From 0cbb3e401c6b8fea89b5aa5157fab2809c442efd Mon Sep 17 00:00:00 2001
From: Ihar Hrachyshka <ihrachys@redhat.com>
Date: Tue, 4 Feb 2025 18:31:30 -0500
Subject: [PATCH] docs: miscellaneous small fixes (#961)

- **[docs] Fix misc typos and formatting issues in intro docs**
- **[docs]: Export variables (e.g. INFERENCE_MODEL) in getting_started**
- **[docs] Show that `llama-stack-client configure` will ask for api
key**

# What does this PR do?

Miscellaneous fixes in the documentation; not worth reporting an issue.

## Test Plan

No code changes. Addressed issues spotted when walking through the
guide.
Confirmed locally.

## Sources

Please link relevant resources if necessary.

## Before submitting

- [x] This PR fixes a typo or improves the docs (you can dismiss the
other checks if that's the case).
- [x] Ran pre-commit to handle lint / formatting issues.
- [ ] Read the [contributor
guideline](https://github.com/meta-llama/llama-stack/blob/main/CONTRIBUTING.md),
      Pull Request section?
- [ ] Updated relevant documentation.
- [ ] Wrote necessary unit or integration tests.

---------

Signed-off-by: Ihar Hrachyshka <ihar.hrachyshka@gmail.com>
---
 docs/source/distributions/selection.md               |  2 +-
 .../distributions/self_hosted_distro/ollama.md       |  4 +++-
 docs/source/getting_started/index.md                 | 12 +++++++-----
 3 files changed, 11 insertions(+), 7 deletions(-)
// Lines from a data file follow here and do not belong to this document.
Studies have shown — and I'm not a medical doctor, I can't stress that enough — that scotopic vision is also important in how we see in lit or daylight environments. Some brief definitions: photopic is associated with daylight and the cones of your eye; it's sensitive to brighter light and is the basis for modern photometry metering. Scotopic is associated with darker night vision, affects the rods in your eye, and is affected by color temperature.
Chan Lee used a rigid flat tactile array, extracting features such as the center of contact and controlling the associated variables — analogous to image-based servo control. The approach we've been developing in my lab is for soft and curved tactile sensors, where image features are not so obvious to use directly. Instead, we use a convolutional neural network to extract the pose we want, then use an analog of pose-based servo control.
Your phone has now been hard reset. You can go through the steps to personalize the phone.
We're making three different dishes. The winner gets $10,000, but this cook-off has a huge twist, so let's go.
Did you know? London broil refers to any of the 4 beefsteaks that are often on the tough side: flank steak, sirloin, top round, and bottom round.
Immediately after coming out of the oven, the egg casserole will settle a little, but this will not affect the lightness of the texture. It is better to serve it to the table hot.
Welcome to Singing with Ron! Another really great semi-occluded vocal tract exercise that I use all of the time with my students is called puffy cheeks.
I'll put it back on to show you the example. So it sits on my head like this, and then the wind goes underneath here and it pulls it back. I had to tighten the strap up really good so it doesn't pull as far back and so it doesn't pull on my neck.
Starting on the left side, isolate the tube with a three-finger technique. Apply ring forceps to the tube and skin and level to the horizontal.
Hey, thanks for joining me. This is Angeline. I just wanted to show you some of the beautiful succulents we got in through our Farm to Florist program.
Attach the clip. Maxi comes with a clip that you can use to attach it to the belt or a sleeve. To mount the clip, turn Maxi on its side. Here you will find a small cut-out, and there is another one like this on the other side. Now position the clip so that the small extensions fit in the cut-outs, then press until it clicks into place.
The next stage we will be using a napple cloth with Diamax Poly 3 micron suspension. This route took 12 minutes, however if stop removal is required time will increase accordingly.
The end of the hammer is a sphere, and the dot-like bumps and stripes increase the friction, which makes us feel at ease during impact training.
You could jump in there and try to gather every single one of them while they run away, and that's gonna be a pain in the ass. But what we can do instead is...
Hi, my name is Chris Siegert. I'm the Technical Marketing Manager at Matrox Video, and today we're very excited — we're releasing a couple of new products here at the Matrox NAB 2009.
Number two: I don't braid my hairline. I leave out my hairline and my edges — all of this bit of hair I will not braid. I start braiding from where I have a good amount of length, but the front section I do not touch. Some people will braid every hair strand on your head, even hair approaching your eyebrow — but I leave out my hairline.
diff --git a/docs/source/distributions/selection.md b/docs/source/distributions/selection.md
index 353da21d4..da1b0df9c 100644
--- a/docs/source/distributions/selection.md
+++ b/docs/source/distributions/selection.md
@@ -23,7 +23,7 @@ Which templates / distributions to choose depends on the hardware you have for r
   - {dockerhub}`distribution-together` ([Guide](self_hosted_distro/together))
   - {dockerhub}`distribution-fireworks` ([Guide](self_hosted_distro/fireworks))
 
-- **Do you want to run Llama Stack inference on your iOS / Android device**  Lastly, we also provide templates for running Llama Stack inference on your iOS / Android device:
+- **Do you want to run Llama Stack inference on your iOS / Android device?**  Lastly, we also provide templates for running Llama Stack inference on your iOS / Android device:
   - [iOS SDK](ondevice_distro/ios_sdk)
   - [Android](ondevice_distro/android_sdk)
 
diff --git a/docs/source/distributions/self_hosted_distro/ollama.md b/docs/source/distributions/self_hosted_distro/ollama.md
index 92e1f7dbf..e7c729501 100644
--- a/docs/source/distributions/self_hosted_distro/ollama.md
+++ b/docs/source/distributions/self_hosted_distro/ollama.md
@@ -25,7 +25,9 @@ The `llamastack/distribution-ollama` distribution consists of the following prov
 | vector_io | `inline::faiss`, `remote::chromadb`, `remote::pgvector` |
 
 
-You should use this distribution if you have a regular desktop machine without very powerful GPUs. Of course, if you have powerful GPUs, you can still continue using this distribution since Ollama supports GPU acceleration.### Environment Variables
+You should use this distribution if you have a regular desktop machine without very powerful GPUs. Of course, if you have powerful GPUs, you can still continue using this distribution since Ollama supports GPU acceleration.
+
+### Environment Variables
 
 The following environment variables can be configured:
 
diff --git a/docs/source/getting_started/index.md b/docs/source/getting_started/index.md
index ce89919a6..0634f4b1a 100644
--- a/docs/source/getting_started/index.md
+++ b/docs/source/getting_started/index.md
@@ -1,6 +1,6 @@
 # Quick Start
 
-In this guide, we'll walk through how you can use the Llama Stack (server and client SDK ) to test a simple RAG agent.
+In this guide, we'll walk through how you can use the Llama Stack (server and client SDK) to test a simple RAG agent.
 
 A Llama Stack agent is a simple integrated system that can perform tasks by combining a Llama model for reasoning with tools (e.g., RAG, web search, code execution, etc.) for taking actions.
 
@@ -42,8 +42,8 @@ To get started quickly, we provide various container images for the server compo
 
 Lets setup some environment variables that we will use in the rest of the guide.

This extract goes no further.